## TASK
Beginning with the first line, please repeat the entries exactly and end on the line that contains "音清晰全金属听漏敏专质用XCP管测道漏仪高灵测漏听音杆".

## THE RECORDS
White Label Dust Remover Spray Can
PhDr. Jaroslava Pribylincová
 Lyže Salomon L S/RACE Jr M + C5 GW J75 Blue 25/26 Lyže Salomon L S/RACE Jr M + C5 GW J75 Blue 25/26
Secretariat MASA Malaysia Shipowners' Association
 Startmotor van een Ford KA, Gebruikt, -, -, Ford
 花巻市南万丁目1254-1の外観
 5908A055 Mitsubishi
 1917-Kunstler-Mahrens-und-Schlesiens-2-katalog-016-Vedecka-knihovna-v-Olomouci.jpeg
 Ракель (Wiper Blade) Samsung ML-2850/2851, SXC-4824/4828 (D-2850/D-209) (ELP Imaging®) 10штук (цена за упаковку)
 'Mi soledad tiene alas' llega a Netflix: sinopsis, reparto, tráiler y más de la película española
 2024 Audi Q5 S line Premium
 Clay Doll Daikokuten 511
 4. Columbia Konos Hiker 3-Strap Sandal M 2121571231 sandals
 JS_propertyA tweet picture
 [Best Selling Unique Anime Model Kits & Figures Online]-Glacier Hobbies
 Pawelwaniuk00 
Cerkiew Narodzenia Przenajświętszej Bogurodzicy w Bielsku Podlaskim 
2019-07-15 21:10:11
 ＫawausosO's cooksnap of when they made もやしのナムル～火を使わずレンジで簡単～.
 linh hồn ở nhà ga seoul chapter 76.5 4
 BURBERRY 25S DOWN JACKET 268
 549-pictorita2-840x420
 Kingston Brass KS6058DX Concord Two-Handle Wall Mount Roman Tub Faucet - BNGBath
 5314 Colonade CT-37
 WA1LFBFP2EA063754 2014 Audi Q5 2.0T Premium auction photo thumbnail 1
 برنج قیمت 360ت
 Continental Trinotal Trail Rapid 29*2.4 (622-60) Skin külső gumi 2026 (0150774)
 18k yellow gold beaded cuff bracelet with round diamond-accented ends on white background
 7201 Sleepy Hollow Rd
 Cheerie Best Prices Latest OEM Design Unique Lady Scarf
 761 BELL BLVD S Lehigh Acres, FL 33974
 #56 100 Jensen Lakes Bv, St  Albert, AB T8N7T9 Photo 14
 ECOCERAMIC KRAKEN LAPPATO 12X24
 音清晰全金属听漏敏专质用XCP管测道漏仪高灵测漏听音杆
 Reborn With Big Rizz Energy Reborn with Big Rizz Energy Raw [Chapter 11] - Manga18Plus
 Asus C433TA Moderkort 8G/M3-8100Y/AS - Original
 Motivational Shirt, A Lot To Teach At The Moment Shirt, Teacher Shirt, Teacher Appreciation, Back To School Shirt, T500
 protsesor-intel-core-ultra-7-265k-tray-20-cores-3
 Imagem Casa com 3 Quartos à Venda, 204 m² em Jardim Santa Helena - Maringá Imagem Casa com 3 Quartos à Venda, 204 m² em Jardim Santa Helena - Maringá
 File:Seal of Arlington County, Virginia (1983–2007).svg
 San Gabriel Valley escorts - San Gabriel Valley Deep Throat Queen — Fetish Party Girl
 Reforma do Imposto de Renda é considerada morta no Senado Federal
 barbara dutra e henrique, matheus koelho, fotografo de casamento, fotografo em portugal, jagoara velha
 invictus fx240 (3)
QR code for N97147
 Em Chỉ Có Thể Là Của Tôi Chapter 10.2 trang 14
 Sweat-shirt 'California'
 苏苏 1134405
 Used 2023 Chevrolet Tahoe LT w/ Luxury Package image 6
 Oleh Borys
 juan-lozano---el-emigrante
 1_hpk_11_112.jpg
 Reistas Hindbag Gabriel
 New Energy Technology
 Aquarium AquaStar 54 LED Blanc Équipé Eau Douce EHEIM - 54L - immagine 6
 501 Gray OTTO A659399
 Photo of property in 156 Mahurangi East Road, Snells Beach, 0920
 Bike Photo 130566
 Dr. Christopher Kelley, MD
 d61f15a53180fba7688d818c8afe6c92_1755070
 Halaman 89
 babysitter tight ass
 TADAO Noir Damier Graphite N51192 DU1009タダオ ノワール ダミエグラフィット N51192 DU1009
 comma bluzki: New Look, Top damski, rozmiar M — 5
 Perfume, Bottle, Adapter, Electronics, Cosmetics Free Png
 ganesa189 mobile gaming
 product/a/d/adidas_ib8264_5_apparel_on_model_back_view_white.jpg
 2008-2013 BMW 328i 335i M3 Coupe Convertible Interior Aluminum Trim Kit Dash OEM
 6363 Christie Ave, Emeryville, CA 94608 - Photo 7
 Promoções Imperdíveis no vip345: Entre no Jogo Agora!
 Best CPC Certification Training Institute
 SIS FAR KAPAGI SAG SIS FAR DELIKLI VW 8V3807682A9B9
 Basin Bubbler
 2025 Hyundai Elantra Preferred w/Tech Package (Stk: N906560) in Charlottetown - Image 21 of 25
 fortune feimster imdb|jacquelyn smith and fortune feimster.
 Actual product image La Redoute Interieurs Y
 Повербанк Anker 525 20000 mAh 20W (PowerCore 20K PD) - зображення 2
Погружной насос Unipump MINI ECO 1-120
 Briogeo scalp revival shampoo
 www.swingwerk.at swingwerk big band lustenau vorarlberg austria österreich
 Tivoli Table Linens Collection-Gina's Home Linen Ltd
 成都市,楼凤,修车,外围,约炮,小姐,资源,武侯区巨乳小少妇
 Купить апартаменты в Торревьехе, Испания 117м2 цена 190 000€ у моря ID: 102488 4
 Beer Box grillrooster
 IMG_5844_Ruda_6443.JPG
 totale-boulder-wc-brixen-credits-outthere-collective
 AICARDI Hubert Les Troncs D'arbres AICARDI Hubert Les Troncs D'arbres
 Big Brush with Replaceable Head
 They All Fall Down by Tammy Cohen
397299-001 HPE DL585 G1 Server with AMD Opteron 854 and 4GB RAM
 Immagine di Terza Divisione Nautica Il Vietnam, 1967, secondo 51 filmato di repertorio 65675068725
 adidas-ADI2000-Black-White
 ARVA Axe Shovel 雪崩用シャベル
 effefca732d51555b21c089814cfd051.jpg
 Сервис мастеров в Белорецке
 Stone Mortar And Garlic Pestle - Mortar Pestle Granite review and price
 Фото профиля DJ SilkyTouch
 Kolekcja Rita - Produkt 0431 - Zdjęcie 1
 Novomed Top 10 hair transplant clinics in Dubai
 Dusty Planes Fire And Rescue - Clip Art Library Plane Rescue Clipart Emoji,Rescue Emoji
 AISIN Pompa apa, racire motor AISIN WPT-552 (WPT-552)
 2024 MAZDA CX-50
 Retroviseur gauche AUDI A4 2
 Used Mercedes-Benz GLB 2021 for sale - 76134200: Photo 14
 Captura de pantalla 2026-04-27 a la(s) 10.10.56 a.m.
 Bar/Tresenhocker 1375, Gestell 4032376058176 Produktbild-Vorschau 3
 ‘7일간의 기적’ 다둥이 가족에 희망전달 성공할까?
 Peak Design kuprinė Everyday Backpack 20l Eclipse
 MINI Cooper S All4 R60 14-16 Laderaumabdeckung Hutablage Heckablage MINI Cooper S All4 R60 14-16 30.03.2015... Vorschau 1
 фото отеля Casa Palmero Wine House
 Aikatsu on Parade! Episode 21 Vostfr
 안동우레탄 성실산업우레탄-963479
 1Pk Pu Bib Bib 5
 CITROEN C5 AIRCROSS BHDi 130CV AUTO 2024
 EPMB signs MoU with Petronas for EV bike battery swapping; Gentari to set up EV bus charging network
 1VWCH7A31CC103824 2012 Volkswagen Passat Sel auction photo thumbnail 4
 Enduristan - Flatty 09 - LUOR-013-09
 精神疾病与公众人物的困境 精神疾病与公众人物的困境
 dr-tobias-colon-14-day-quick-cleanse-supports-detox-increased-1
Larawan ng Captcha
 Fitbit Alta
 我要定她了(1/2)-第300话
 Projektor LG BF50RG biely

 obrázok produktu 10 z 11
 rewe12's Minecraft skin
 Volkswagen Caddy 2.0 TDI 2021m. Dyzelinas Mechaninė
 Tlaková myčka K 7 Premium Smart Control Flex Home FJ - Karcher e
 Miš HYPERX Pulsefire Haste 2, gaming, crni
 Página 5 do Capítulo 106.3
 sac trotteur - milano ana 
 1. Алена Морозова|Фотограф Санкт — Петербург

## EXERCISE SOLUTION
White Label Dust Remover Spray Can
PhDr. Jaroslava Pribylincová
 Lyže Salomon L S/RACE Jr M + C5 GW J75 Blue 25/26 Lyže Salomon L S/RACE Jr M + C5 GW J75 Blue 25/26
Secretariat MASA Malaysia Shipowners' Association
 Startmotor van een Ford KA, Gebruikt, -, -, Ford
 花巻市南万丁目1254-1の外観
 5908A055 Mitsubishi
 1917-Kunstler-Mahrens-und-Schlesiens-2-katalog-016-Vedecka-knihovna-v-Olomouci.jpeg
 Ракель (Wiper Blade) Samsung ML-2850/2851, SXC-4824/4828 (D-2850/D-209) (ELP Imaging®) 10штук (цена за упаковку)
 'Mi soledad tiene alas' llega a Netflix: sinopsis, reparto, tráiler y más de la película española
 2024 Audi Q5 S line Premium
 Clay Doll Daikokuten 511
 4. Columbia Konos Hiker 3-Strap Sandal M 2121571231 sandals
 JS_propertyA tweet picture
 [Best Selling Unique Anime Model Kits & Figures Online]-Glacier Hobbies
 Pawelwaniuk00 
Cerkiew Narodzenia Przenajświętszej Bogurodzicy w Bielsku Podlaskim 
2019-07-15 21:10:11
 ＫawausosO's cooksnap of when they made もやしのナムル～火を使わずレンジで簡単～.
 linh hồn ở nhà ga seoul chapter 76.5 4
 BURBERRY 25S DOWN JACKET 268
 549-pictorita2-840x420
 Kingston Brass KS6058DX Concord Two-Handle Wall Mount Roman Tub Faucet - BNGBath
 5314 Colonade CT-37
 WA1LFBFP2EA063754 2014 Audi Q5 2.0T Premium auction photo thumbnail 1
 برنج قیمت 360ت
 Continental Trinotal Trail Rapid 29*2.4 (622-60) Skin külső gumi 2026 (0150774)
 18k yellow gold beaded cuff bracelet with round diamond-accented ends on white background
 7201 Sleepy Hollow Rd
 Cheerie Best Prices Latest OEM Design Unique Lady Scarf
 761 BELL BLVD S Lehigh Acres, FL 33974
 #56 100 Jensen Lakes Bv, St  Albert, AB T8N7T9 Photo 14
 ECOCERAMIC KRAKEN LAPPATO 12X24
 音清晰全金属听漏敏专质用XCP管测道漏仪高灵测漏听音杆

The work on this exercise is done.